Should you? It depends. I prefer not to. I prefer to find a story that will force me to perform the task, then make the task part of that story. If I can't find an urgent story that forces me to do the task, then perhaps I don't need to do that task now. The longer I defer doing that task, generally speaking, the better.

So I have to ask: why would you configure stuff in a production web app except to be able to deliver a story? I know you might think "I'll have to do this anyway, so I'll do it now", but I find value in challenging that thinking. You'd be surprised what we can defer until later. You'd be surprised what we can avoid doing altogether.

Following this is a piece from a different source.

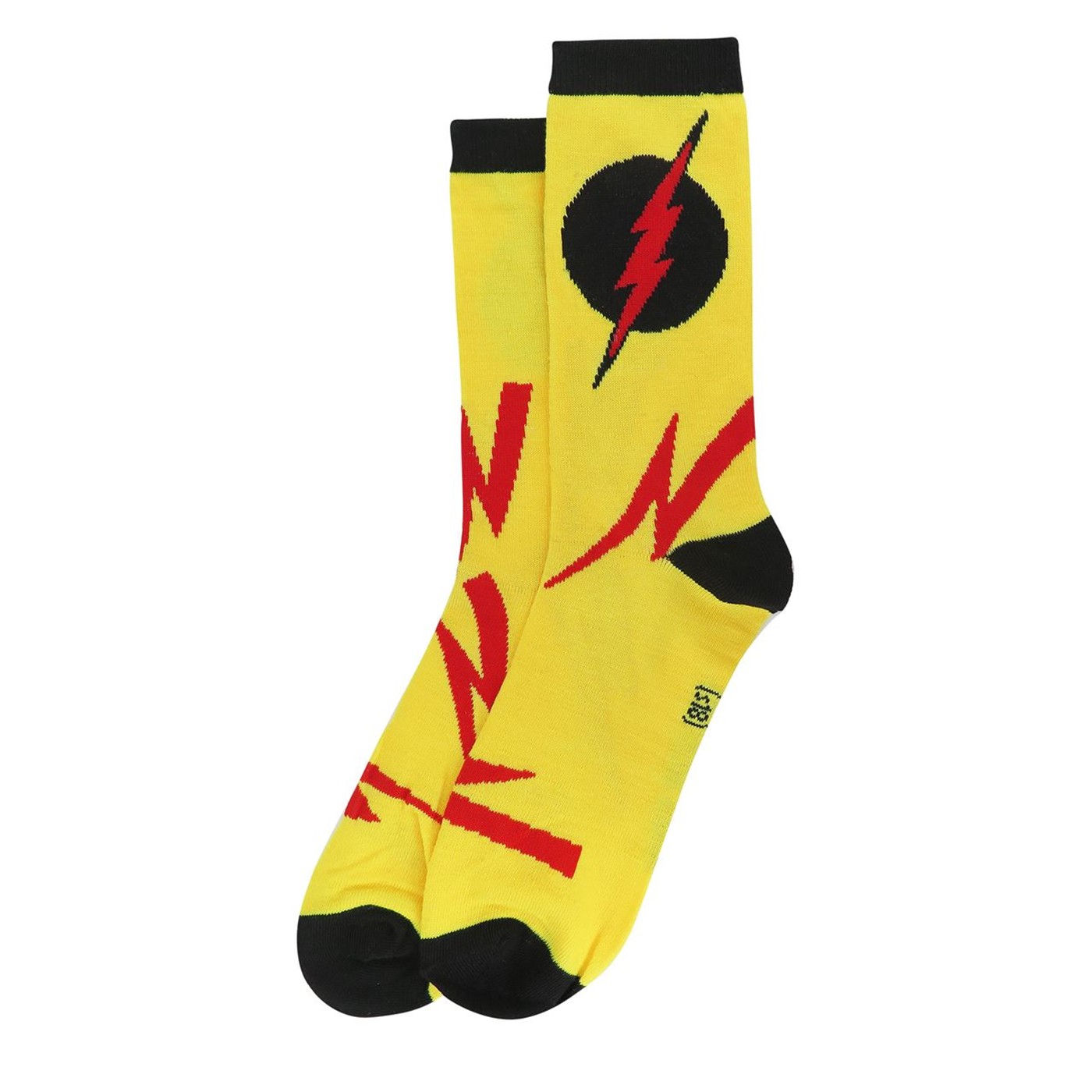 The Flash Good Vs Evil Socks 2-Pack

Even if you believe that this configuration task has to happen before you can release any other story, I would still recommend doing it as part of completing a story. You might even find that you can do 20% of the configuration now--just enough to deliver the current story--and do the rest later. Even if splitting up the configuration work doubles the cost of that work, if you can complete stories by doing only 50% of the configuration work, then you can release those stories sooner, and releasing stories sooner (not necessarily for the least cost) lies at the heart of the philosophy of Scrum.

I have to add that all this assumes two things:

  1. Your organisation wants to practise releasing features sooner in order to eventually start collecting revenue sooner from releasing features. (Even if they can't realise that value now, they need to start practising if they ever want to become skilled at it.)

  2. Your organisation values earning revenue sooner at all. If they don't, then why the hell are they doing Scrum?!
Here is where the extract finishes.